Third: Explorer is slick
dbt Explorer was another of our major launches at Coalesce last month. It’s a complete overhaul of dbt Docs, giving you an ability to visualize your entire dbt investment—one project or many—but now with a lot more under the hood.
Ok, Explorer is a cool product and I’m excited about it. But how did it actually fit into my workflow? How did it feel to use?
My answer today: very good. Not perfect (yet!) but very good.
- It’s fast. In our internal project of 1200 models and over 2,500 total DAG nodes (including sources / metrics / exposures), it can load the whole thing. The experience is way more reasonable if you specify a sub-DAG. But as long as you are looking at a reasonable sub-DAG, the interface is snappy. This was a MAJOR pain point with dbt Docs’ static web page—graphs of this size would just crash your chrome tab.
- It has a lot more info. dbt Docs just knew about your code, it didn’t really have any more information to show you.
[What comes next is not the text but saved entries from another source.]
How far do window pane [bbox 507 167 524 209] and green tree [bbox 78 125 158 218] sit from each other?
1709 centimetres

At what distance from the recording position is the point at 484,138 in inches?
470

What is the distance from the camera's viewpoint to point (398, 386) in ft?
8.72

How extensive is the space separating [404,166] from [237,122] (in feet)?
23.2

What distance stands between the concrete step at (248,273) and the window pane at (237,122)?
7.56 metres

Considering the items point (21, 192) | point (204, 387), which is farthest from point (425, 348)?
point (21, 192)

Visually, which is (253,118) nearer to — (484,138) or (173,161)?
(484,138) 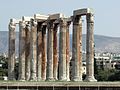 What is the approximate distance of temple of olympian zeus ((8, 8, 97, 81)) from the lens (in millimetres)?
66438

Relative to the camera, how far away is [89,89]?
52.4m

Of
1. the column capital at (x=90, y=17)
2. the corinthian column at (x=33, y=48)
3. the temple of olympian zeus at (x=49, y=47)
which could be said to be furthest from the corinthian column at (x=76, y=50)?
the corinthian column at (x=33, y=48)

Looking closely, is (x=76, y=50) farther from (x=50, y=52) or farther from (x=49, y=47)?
Result: (x=49, y=47)

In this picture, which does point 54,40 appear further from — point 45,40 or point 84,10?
point 84,10

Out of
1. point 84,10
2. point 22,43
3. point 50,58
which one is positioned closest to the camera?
point 84,10

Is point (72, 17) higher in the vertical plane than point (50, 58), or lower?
higher

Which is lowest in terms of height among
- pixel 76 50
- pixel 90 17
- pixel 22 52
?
pixel 76 50

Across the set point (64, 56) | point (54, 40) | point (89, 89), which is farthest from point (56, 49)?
point (89, 89)

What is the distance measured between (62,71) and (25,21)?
1282cm

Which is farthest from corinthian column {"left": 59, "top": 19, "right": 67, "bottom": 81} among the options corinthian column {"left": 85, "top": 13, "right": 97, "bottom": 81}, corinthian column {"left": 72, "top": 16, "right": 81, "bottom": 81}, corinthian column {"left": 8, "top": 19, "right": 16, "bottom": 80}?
corinthian column {"left": 8, "top": 19, "right": 16, "bottom": 80}

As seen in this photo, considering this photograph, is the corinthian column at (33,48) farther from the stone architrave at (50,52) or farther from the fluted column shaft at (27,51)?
the fluted column shaft at (27,51)

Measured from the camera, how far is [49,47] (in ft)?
242

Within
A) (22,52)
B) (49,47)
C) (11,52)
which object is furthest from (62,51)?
(11,52)

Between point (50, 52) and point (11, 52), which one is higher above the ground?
point (11, 52) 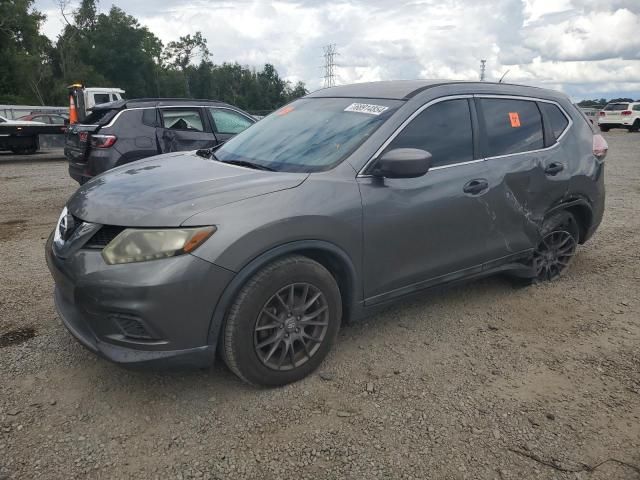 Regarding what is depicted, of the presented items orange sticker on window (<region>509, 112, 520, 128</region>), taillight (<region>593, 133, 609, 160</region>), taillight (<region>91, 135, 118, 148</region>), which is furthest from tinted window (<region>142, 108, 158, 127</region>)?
taillight (<region>593, 133, 609, 160</region>)

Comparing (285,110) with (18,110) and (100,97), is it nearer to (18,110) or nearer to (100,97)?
(100,97)

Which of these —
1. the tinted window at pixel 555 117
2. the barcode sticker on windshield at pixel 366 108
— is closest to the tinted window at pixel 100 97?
the barcode sticker on windshield at pixel 366 108

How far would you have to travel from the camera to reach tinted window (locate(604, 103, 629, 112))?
27.7 metres

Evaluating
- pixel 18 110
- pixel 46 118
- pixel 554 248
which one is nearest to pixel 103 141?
pixel 554 248

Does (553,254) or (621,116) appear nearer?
(553,254)

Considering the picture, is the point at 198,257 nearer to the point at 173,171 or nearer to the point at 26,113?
the point at 173,171

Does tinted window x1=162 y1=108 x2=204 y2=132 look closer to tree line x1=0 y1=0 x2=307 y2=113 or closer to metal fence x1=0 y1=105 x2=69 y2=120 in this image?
metal fence x1=0 y1=105 x2=69 y2=120

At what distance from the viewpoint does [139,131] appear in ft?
23.3

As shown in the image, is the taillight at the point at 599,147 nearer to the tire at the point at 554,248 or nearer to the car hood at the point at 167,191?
the tire at the point at 554,248

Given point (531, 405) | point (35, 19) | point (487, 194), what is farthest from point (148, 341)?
point (35, 19)

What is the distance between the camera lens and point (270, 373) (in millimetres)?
2793

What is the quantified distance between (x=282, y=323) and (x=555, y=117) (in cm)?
302

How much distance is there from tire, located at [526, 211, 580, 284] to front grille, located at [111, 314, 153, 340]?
320 cm

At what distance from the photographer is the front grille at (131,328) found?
8.08 feet
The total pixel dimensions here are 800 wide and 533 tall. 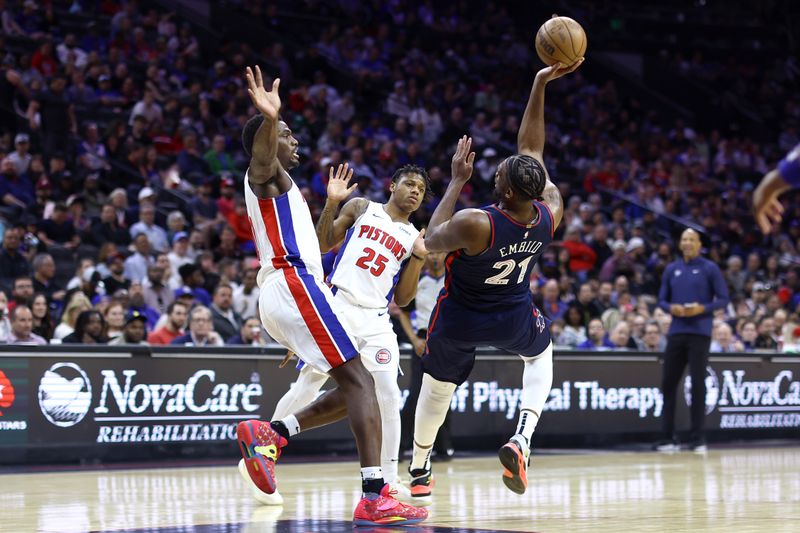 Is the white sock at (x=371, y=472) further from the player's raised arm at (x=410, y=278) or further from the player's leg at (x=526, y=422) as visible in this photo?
the player's raised arm at (x=410, y=278)

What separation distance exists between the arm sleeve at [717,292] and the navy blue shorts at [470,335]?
598cm

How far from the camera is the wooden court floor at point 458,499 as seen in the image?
20.1ft

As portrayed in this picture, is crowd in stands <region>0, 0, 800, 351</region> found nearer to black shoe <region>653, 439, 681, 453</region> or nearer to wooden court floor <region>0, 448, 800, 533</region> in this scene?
black shoe <region>653, 439, 681, 453</region>

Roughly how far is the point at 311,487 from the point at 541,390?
2.23 metres

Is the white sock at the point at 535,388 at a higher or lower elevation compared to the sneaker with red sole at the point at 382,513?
higher

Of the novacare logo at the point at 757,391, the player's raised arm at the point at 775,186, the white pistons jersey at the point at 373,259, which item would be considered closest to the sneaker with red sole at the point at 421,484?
the white pistons jersey at the point at 373,259

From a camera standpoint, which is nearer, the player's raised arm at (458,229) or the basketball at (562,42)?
the player's raised arm at (458,229)

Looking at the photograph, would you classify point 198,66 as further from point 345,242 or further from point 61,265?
point 345,242

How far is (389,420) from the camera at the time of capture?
23.6ft

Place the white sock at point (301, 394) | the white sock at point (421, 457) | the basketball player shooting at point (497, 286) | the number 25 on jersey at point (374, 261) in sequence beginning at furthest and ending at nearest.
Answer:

Explorer also knows about job and test execution, can trend runtimes, can tell you when data was last loaded, and more. After a few hours with it, I can now feel myself gravitating to it as the place to learn about what’s going on inside our warehouse. I don’t know what the future holds here but I find myself wanting to embed content from Explorer into other interfaces. Like…I want a Notion plugin!
- Problem #1 is something we’re aware of and working on right now: explorer doesn’t support all dbt selectors today. I found this to be frustrating at times; you may or may not notice it. We’ll sort this soon.
- Problem #2 is that Explorer isn’t yet available for dev environments, only prod environments. So as I’m writing code I can’t iteratively see the changes visually. Again, this is on the roadmap, we’ll get there soon, but it was notably lacking as a user.
Short answer: if you used Docs, you’ll love Explorer. It fits right into the workflow in the same way. And over the coming few months during public preview it’ll only get better—we’re at the very beginning on this thing.
Night and Day
These are the biggest changes in my personal dbt workflow for a very long time—multiple years. Easier install, faster (and cheaper!) development, more mature programming constructs, better interactive visualization.
2023 was the first year we started the year with a ramped engineering team, and it’s fantastic to see what we could do. Thanks to everyone who put in the work to make this experience come to life.
After making a big hire, I anticipate having more time to write dbt code over the coming year. I cannot wait to continue to push the envelope on every single thing we ship.
The next issue I write I plan to return to more industry-wide content. With Coalesce and our recent launches I’ve had a lot of specifically dbt-related stuff I wanted to get out there. More soon.
Last modified on: Nov 16, 2023